[Image-caption web data]
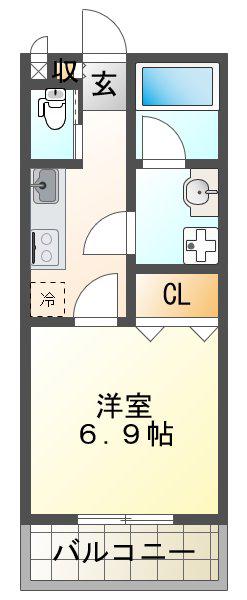 ヴィアノ東垂水(1K/2階)の間取り写真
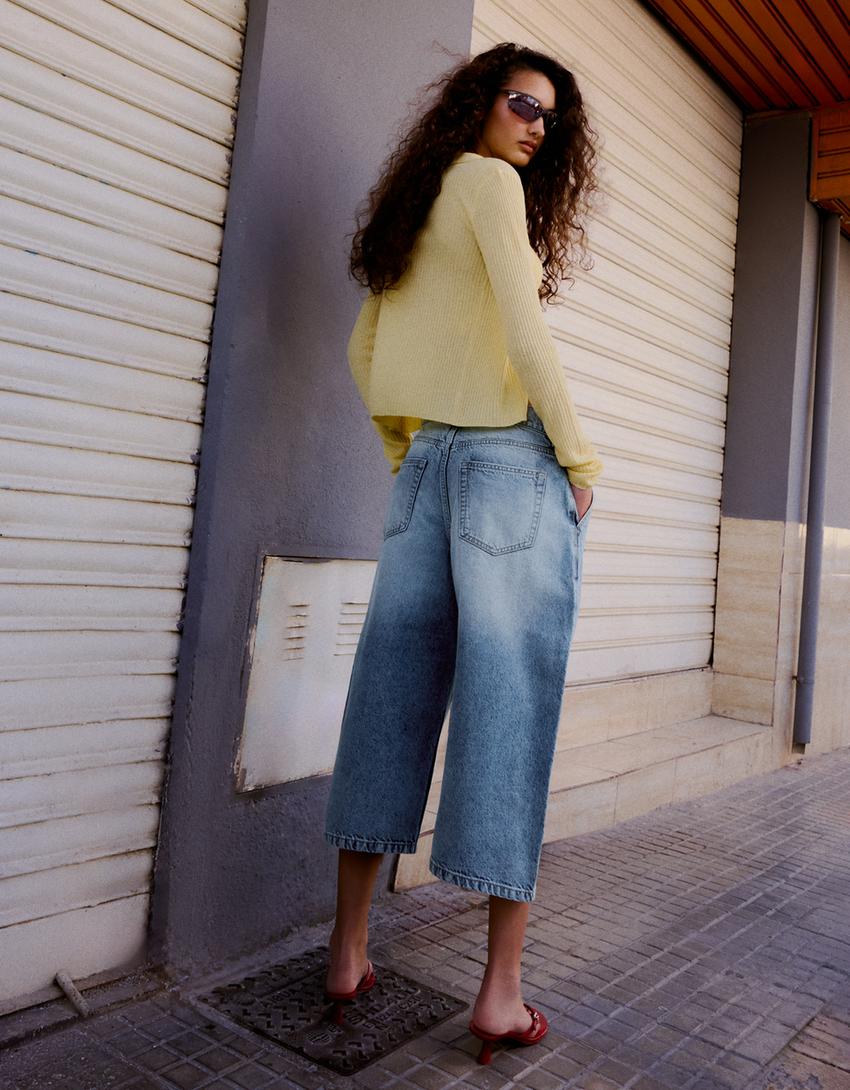 Slouchy denim Bermuda jorts-Light blue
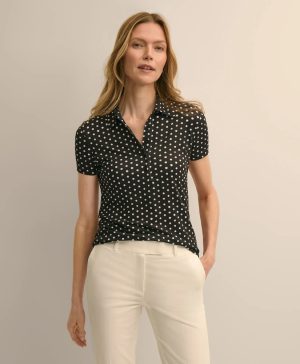 Jersey Dot-Print Polo Shirt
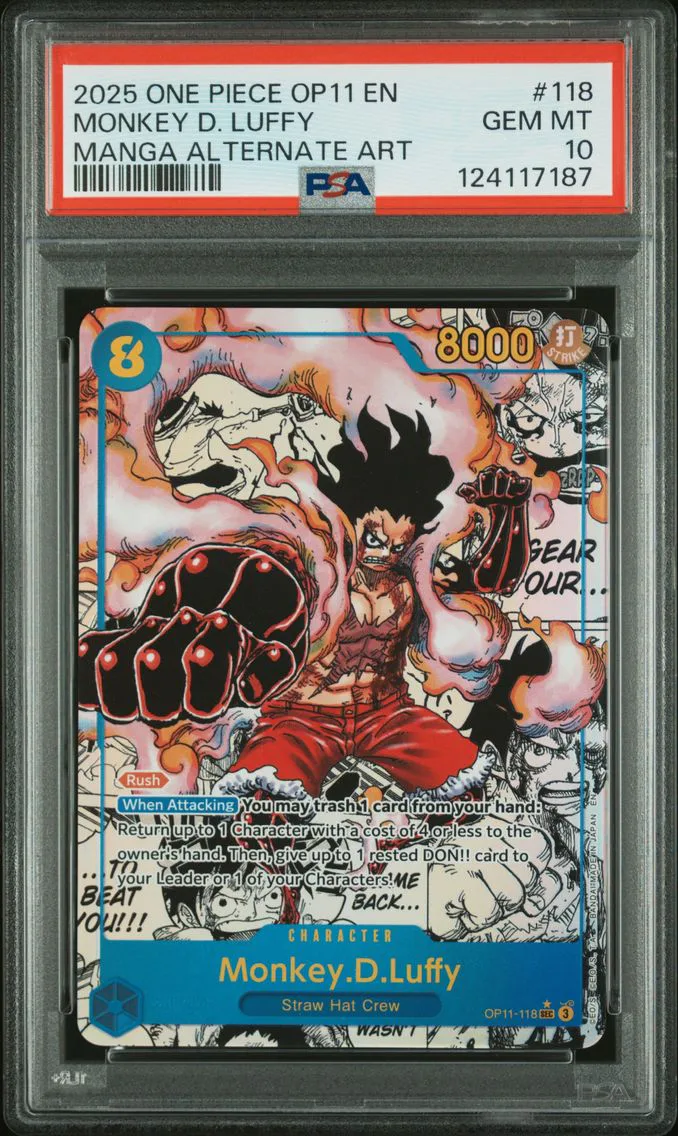2025 #118 Monkey D. Luffy PSA 10 One Piece OP11-A Fist of Divine Speed Pokemon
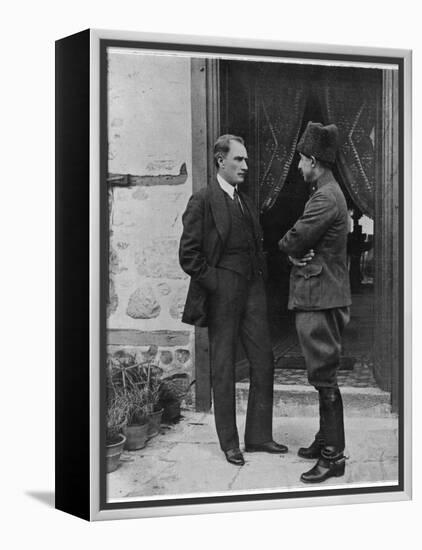 Turkish Leader Mustafa Kemal Ataturk Speaking W. His General, Ismet Pasha-null-Framed Premier Image Canvas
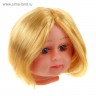 Волосы для кукол (парик), прямые короткие (каре), d=11-12 см, цвет Золотистый блондин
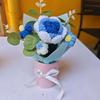 Crochet Flower Bouquet Handcrafted Knitting Flower Ornament Yarn Floral Decoration Mother's Day Birthday Christmas Gift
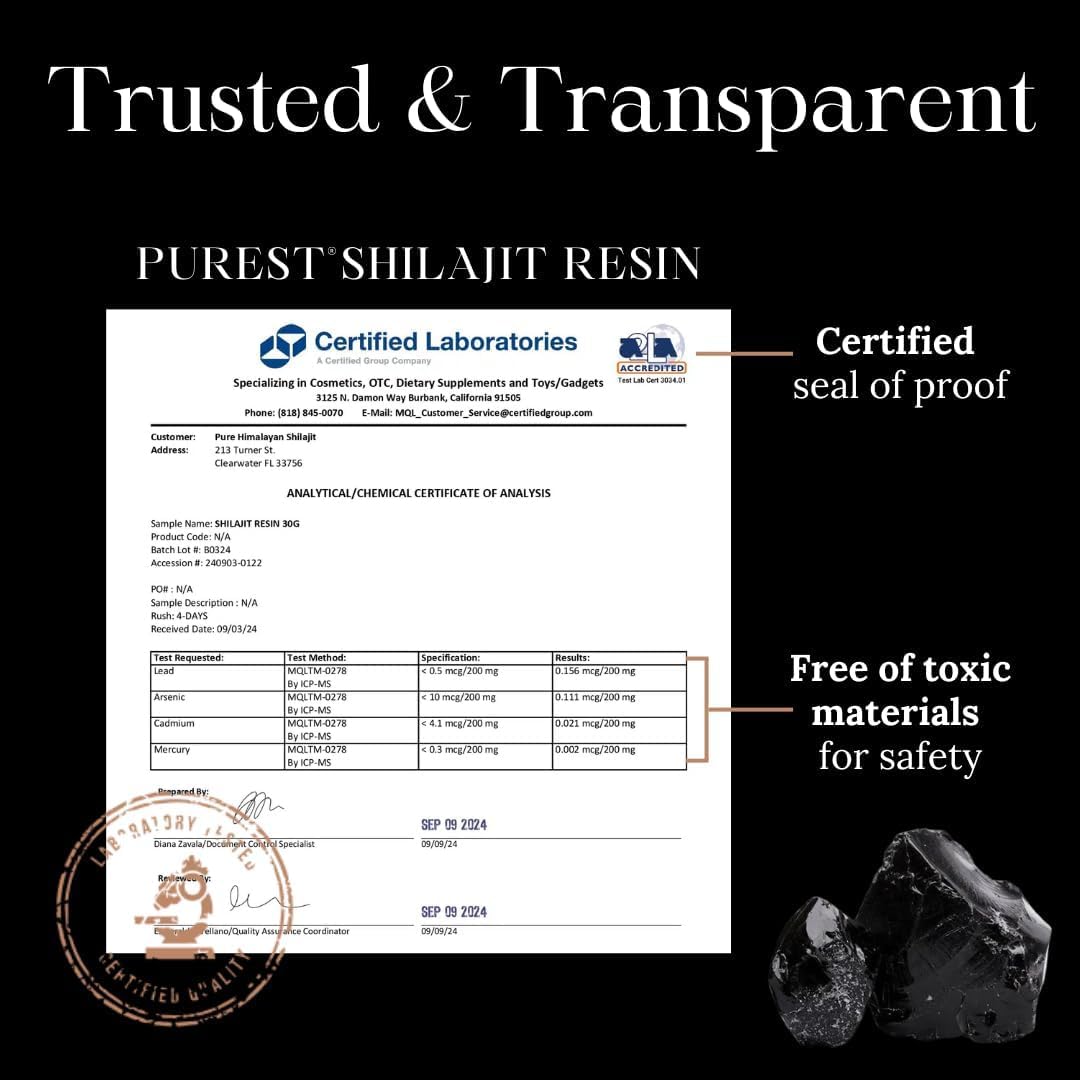 Pure Himalayan Shilajit | 100% Pure Natural Shilajit Grade A Max Potency 85+ Trace Minerals & Fulvic Acid | 3rd Party US Lab Tested | Resin | 115g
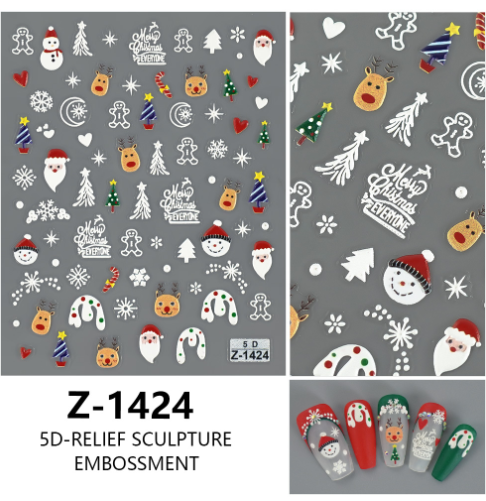 4PCS 5D Embossed Christmas Nail Art Stickers - Santa, Snowman, Reindeer & Snowflake Designs for Festive V888-ELOSUNG40327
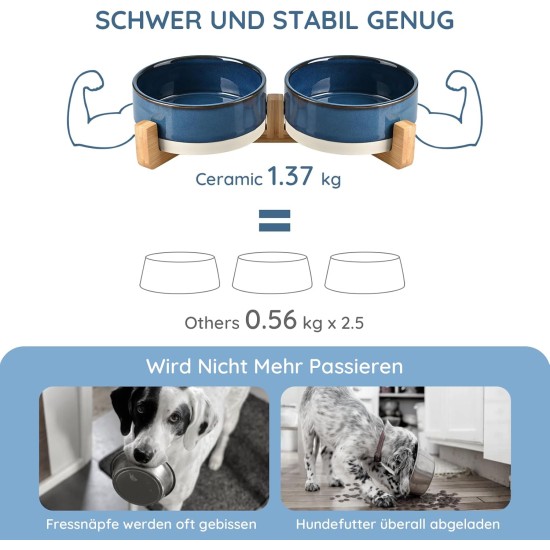 SPUNKYJUNKY Ceramic Double Dog Feeding Bowl with Bamboo Stand, for Cats and Dogs (400 ml, Grey 2) SPUNKYJUNKY Ceramic Double Dog Feeding Bowl with Bamboo Stand, for Cats and Dogs (400 ml, Grey 2)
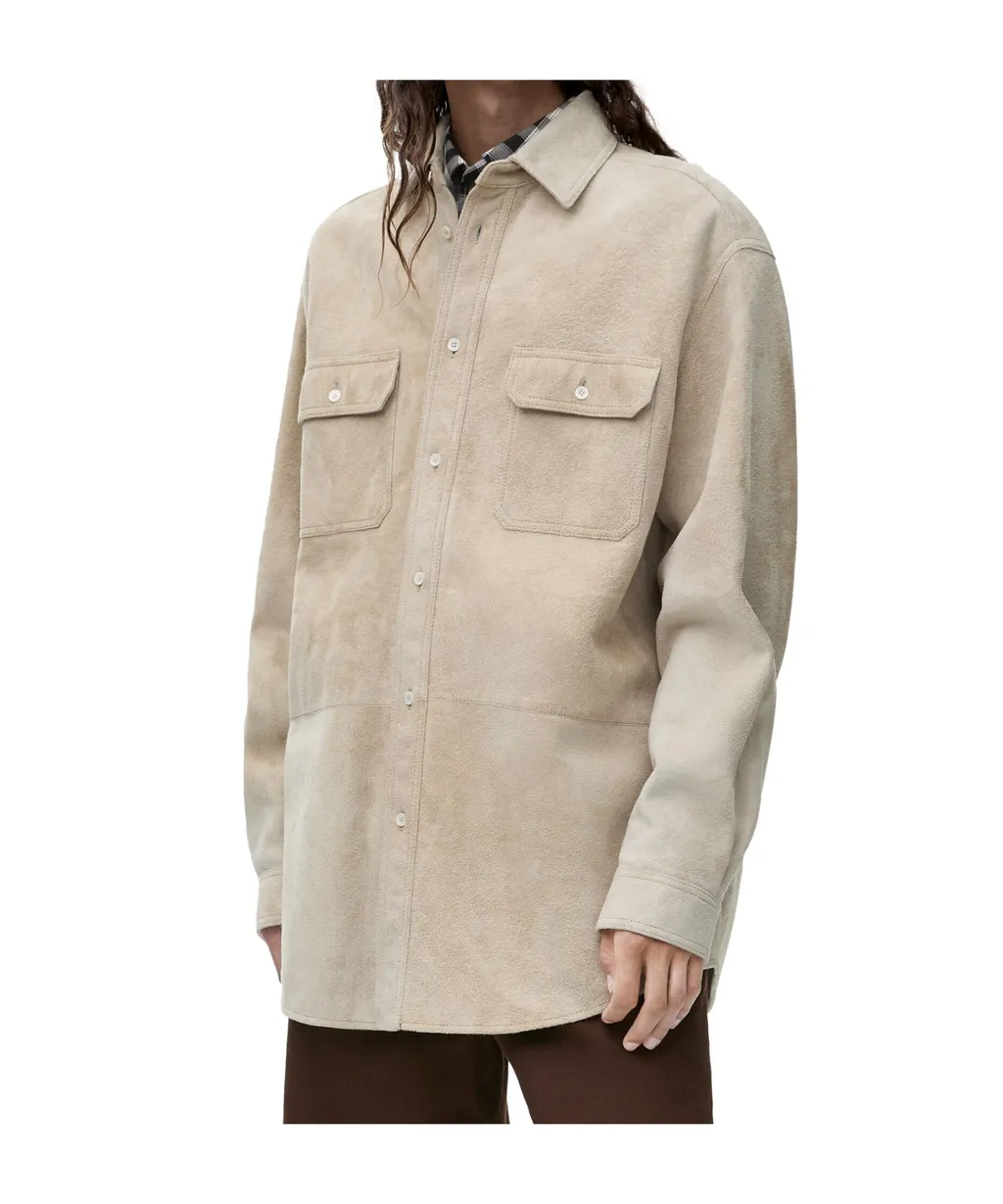 Long-Sleeved Curved Hem Overshirt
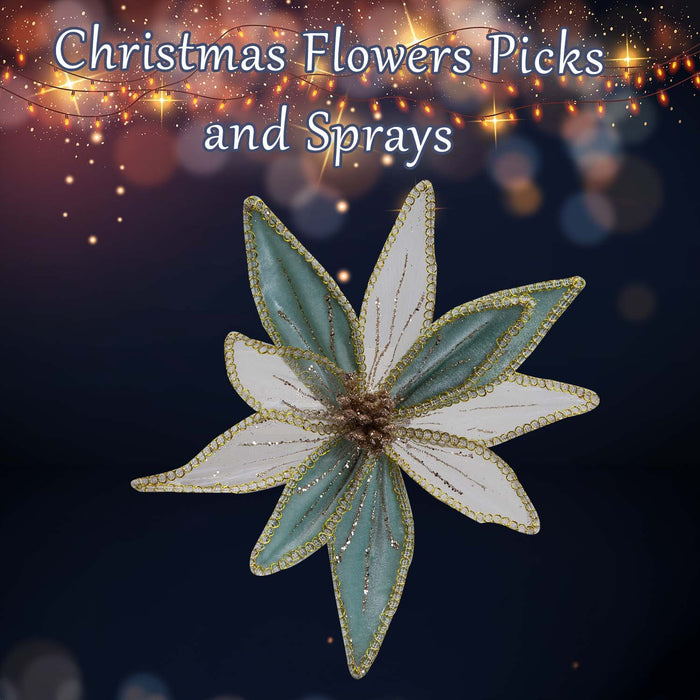 Christmas Poinsettia Clip Decoration 14cm x 4cm Green X 1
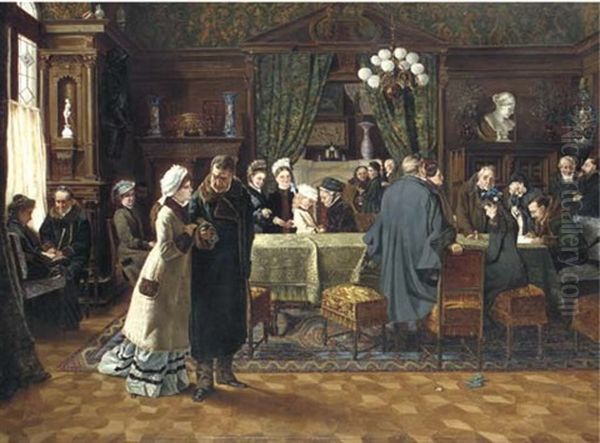 The Last Will And Testament Oil Painting by Christian Ludwig Bokelmann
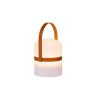 Lucide LITTLE JOE - Lampe de table Rechargeable Intérieur/Extérieur - Batterie/Piles - Ø 10 cm - LED - H 18,5 cm - Brun / Blanc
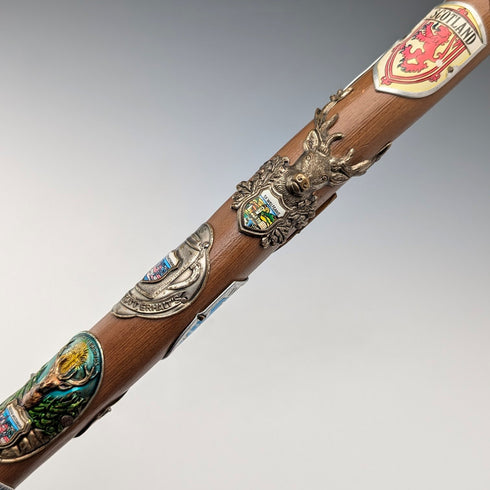 復古歐洲之旅彎柄旅遊手杖棕色桿 92 厘米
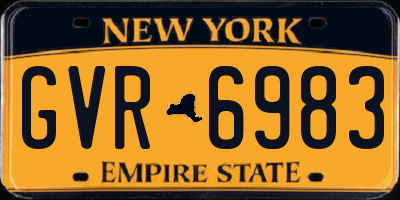 NY license plate GVR6983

Activity
Every line from the one containing "復古歐洲之旅彎柄旅遊手杖棕色桿 92 厘米" through the last line of the data is to be retyped exactly, with nothing added and no pictures included.

Output for this exercise
 復古歐洲之旅彎柄旅遊手杖棕色桿 92 厘米
 NY license plate GVR6983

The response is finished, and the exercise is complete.